Werner, K., Weng, X., Calaza, F., Sterrer, M., Kropp, T., Paier, J., et al. (2017). Toward an Understanding of Selective Alkyne Hydrogenation on Ceria: On the Impact of O Vacancies on H2 Interaction with CeO2(111). Journal of the American Chemical Society, 139(48), 17608-17616. doi:10.1021/jacs.7b10021.

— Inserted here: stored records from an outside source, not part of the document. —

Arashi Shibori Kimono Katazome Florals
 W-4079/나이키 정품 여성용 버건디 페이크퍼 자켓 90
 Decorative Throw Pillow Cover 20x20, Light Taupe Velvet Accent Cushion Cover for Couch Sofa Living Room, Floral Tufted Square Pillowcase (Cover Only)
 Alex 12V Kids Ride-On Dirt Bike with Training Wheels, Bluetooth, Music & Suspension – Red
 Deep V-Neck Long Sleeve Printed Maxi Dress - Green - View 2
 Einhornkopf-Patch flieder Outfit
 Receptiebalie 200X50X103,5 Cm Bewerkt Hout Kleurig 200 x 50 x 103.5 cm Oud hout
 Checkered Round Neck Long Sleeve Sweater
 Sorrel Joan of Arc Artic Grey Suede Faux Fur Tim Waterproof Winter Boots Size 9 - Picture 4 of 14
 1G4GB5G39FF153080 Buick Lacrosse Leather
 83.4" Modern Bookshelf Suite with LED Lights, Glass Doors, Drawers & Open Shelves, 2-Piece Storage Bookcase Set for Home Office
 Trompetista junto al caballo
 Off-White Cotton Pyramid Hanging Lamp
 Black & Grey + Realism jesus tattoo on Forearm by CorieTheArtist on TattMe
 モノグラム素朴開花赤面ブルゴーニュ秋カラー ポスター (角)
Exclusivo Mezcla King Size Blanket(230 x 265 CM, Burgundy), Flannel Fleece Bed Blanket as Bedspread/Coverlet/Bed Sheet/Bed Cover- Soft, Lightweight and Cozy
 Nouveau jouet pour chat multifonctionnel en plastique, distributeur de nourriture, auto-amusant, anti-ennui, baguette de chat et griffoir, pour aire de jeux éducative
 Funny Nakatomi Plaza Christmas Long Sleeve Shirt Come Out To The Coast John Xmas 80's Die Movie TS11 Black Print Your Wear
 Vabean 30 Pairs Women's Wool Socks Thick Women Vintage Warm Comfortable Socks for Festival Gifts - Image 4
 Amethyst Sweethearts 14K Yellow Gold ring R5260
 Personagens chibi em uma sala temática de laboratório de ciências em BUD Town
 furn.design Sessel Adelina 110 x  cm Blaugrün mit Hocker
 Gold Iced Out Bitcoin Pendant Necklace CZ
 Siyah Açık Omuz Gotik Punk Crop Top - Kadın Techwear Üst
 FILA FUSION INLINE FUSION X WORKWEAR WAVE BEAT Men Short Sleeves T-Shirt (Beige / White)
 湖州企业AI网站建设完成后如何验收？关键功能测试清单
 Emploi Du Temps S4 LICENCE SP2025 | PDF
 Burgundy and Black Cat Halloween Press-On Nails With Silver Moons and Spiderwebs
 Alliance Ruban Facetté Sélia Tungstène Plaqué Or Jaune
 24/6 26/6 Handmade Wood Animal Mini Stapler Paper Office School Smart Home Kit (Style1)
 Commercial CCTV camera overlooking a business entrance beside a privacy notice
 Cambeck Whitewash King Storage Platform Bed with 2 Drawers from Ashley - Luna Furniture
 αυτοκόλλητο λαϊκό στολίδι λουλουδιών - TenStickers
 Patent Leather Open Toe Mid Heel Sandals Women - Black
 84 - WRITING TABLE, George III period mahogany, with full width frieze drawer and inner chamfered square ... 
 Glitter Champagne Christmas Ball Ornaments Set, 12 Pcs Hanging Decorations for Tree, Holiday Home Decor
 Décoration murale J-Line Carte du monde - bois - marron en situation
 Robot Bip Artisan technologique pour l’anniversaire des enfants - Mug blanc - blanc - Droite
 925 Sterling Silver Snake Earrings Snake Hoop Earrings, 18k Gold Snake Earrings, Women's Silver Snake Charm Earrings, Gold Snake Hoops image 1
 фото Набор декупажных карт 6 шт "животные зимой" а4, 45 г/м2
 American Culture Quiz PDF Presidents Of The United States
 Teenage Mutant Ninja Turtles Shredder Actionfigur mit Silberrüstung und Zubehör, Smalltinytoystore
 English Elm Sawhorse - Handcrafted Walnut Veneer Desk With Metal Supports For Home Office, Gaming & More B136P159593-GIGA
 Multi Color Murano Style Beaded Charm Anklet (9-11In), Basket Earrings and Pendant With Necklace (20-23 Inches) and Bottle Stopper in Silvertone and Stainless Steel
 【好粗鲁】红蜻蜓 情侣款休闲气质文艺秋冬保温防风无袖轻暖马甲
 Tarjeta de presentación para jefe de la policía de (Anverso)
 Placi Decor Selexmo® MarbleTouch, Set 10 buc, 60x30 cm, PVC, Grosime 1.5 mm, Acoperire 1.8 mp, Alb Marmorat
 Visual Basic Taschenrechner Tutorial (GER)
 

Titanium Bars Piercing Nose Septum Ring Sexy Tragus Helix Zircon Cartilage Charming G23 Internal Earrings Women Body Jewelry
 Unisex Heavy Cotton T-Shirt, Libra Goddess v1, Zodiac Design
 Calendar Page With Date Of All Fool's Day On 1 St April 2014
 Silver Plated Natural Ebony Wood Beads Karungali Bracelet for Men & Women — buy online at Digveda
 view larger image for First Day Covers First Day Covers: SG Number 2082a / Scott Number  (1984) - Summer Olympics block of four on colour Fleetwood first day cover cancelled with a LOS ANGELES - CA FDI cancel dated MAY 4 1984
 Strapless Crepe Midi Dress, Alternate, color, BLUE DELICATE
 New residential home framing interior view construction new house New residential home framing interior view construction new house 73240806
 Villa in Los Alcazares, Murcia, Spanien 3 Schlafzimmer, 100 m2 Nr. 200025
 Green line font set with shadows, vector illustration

Zitierlink: http://hdl.handle.net/11858/00-001M-0000-002E-9764-5
Zusammenfassung
Ceria (CeO2) has recently been found to be a promising catalyst in the selective hydrogenation of alkynes to alkenes. This reaction occurs primarily on highly dispersed metal catalysts, but rarely on oxide surfaces. The origin of the outstanding activity and selectivity observed on CeO2 remains unclear. In this work, we show that one key aspect of the hydrogenation reaction—the interaction of hydrogen with the oxide—depends strongly on the presence of O vacancies within CeO2. Through infrared reflection absorption spectroscopy on well-ordered CeO2(111) thin films and density functional theory (DFT) calculations, we show that the preferred heterolytic dissociation of molecular hydrogen on CeO2(111) requires H2 pressures in the mbar regime. Hydrogen depth profiling with nuclear reaction analysis indicates that H species stay on the surface of stoichiometric CeO2(111) films, whereas H incorporates as a volatile species into the volume of partially reduced CeO2–x(111) thin films (x ∼ 1.8–1.9). Complementary DFT calculations demonstrate that oxygen vacancies facilitate H incorporation below the surface and that they are the key to the stabilization of hydridic H species in the volume of reduced ceria.